*** Supplied material ***

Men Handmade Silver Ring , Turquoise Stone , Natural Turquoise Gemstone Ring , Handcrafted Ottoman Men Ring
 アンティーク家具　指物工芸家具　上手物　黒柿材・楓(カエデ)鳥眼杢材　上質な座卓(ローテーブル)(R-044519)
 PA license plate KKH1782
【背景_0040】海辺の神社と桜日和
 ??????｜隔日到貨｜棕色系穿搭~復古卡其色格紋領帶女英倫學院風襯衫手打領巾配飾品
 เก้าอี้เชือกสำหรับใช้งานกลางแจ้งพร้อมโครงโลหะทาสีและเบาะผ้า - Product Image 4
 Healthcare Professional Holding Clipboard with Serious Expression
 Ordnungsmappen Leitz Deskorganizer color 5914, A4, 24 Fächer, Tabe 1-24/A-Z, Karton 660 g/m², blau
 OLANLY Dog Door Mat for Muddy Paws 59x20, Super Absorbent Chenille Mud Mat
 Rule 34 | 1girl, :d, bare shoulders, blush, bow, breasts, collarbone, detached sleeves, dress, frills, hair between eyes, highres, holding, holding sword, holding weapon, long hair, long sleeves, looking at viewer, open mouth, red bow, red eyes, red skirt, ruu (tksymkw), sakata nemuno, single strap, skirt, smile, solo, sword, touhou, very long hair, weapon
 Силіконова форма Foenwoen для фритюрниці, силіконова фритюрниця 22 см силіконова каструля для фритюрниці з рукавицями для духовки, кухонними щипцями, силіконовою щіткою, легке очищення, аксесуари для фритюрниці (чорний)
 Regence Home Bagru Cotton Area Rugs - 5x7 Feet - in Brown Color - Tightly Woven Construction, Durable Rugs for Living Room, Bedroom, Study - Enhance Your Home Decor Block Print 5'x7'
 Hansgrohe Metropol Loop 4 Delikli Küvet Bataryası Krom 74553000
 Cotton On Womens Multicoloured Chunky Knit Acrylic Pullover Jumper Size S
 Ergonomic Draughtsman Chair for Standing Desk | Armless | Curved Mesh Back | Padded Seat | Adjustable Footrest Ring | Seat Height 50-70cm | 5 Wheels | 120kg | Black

*** End of Supplied material ***

# [Task description]
Copy out every line from the data above in which the word "Ring" occurs.

# [Exercise result]
Men Handmade Silver Ring , Turquoise Stone , Natural Turquoise Gemstone Ring , Handcrafted Ottoman Men Ring
 Ergonomic Draughtsman Chair for Standing Desk | Armless | Curved Mesh Back | Padded Seat | Adjustable Footrest Ring | Seat Height 50-70cm | 5 Wheels | 120kg | Black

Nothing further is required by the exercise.